An exact copy of the data is needed, one that excludes all pictures.

= Beginning of Section =

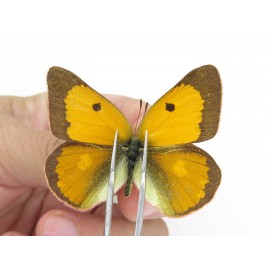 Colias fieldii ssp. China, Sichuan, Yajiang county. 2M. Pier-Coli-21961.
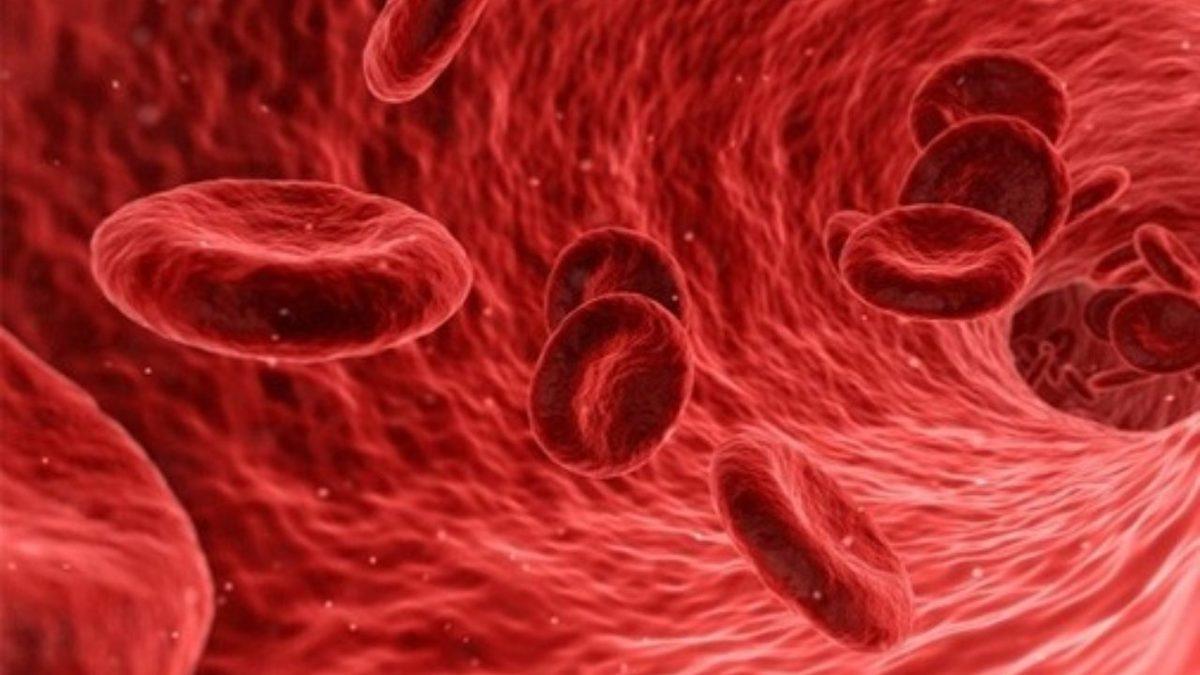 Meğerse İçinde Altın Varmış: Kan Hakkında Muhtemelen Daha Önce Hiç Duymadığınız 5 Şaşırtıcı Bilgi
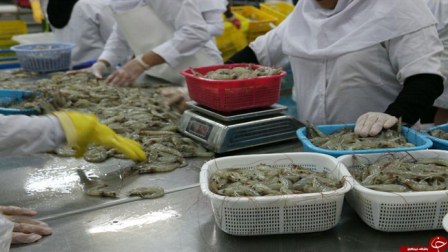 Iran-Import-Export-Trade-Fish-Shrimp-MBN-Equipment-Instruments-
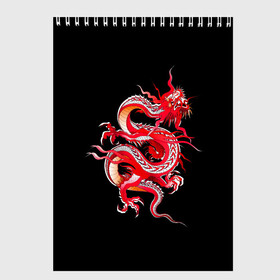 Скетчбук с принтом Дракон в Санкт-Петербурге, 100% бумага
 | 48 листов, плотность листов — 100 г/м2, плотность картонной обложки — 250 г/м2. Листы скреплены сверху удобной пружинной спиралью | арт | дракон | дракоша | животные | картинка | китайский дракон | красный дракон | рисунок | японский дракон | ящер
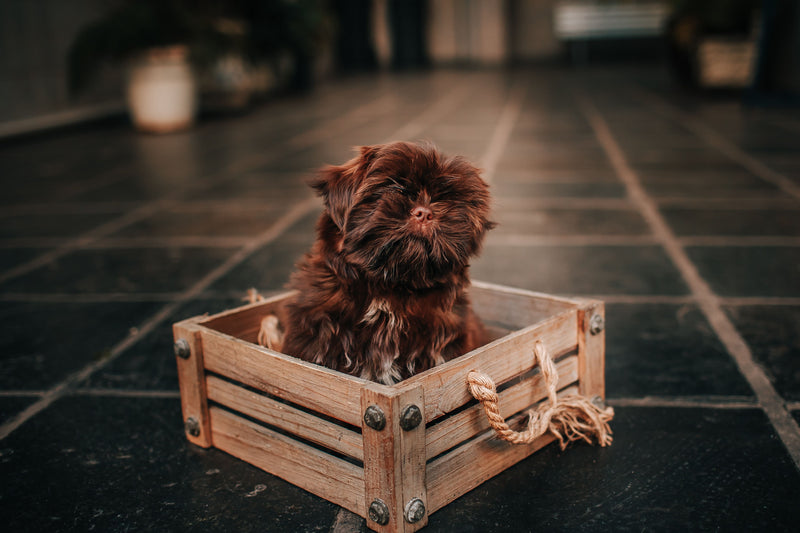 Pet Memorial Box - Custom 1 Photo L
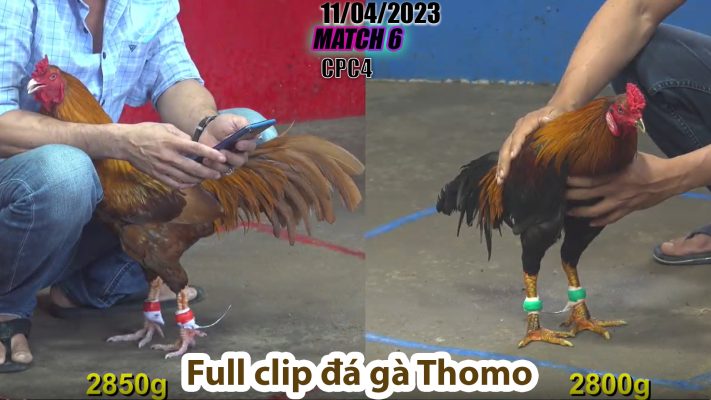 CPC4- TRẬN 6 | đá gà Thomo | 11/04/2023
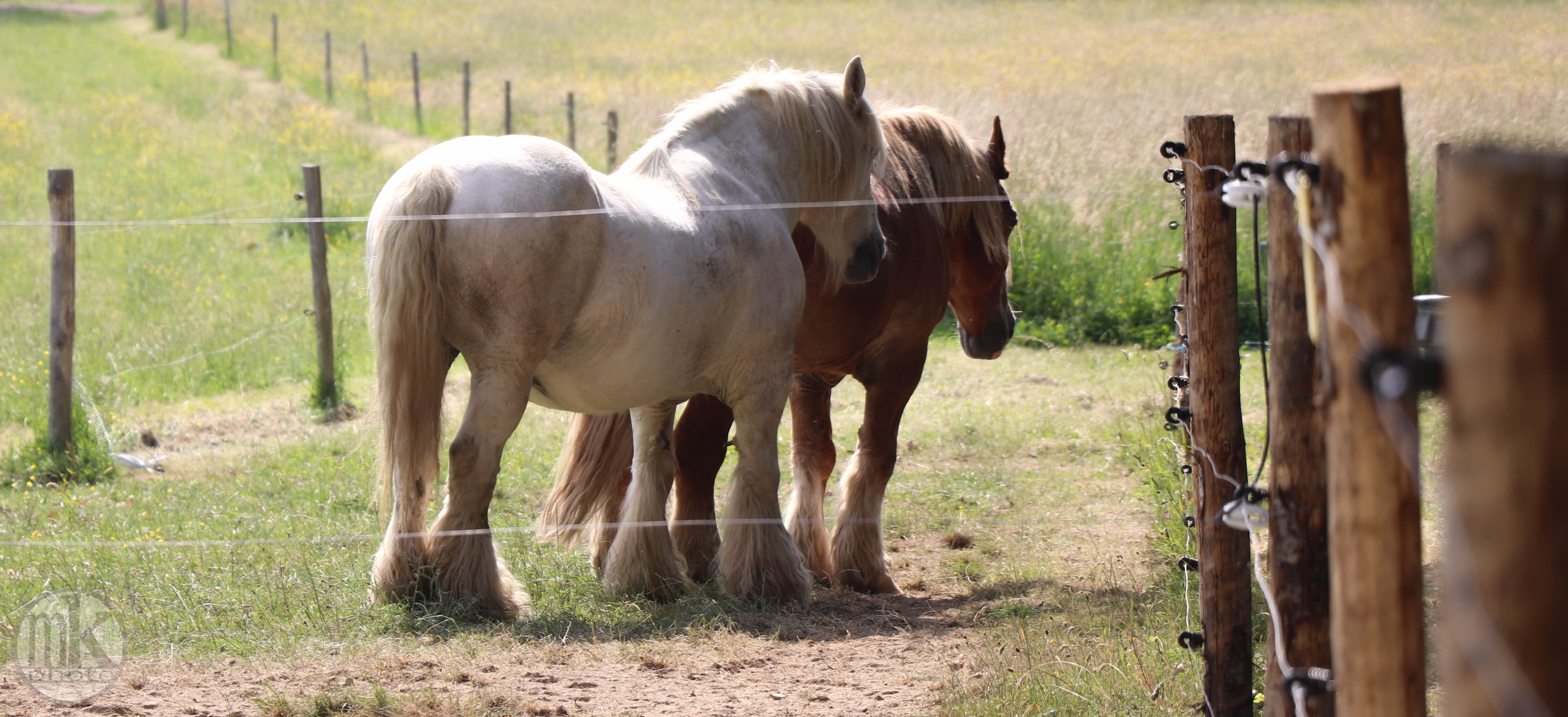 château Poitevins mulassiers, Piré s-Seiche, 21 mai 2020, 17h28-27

= End of Section =

### PROBLEM SOLUTION:
 Colias fieldii ssp. China, Sichuan, Yajiang county. 2M. Pier-Coli-21961.
 Meğerse İçinde Altın Varmış: Kan Hakkında Muhtemelen Daha Önce Hiç Duymadığınız 5 Şaşırtıcı Bilgi
 Iran-Import-Export-Trade-Fish-Shrimp-MBN-Equipment-Instruments-
 Скетчбук с принтом Дракон в Санкт-Петербурге, 100% бумага
 | 48 листов, плотность листов — 100 г/м2, плотность картонной обложки — 250 г/м2. Листы скреплены сверху удобной пружинной спиралью | арт | дракон | дракоша | животные | картинка | китайский дракон | красный дракон | рисунок | японский дракон | ящер
 Pet Memorial Box - Custom 1 Photo L
 CPC4- TRẬN 6 | đá gà Thomo | 11/04/2023
 château Poitevins mulassiers, Piré s-Seiche, 21 mai 2020, 17h28-27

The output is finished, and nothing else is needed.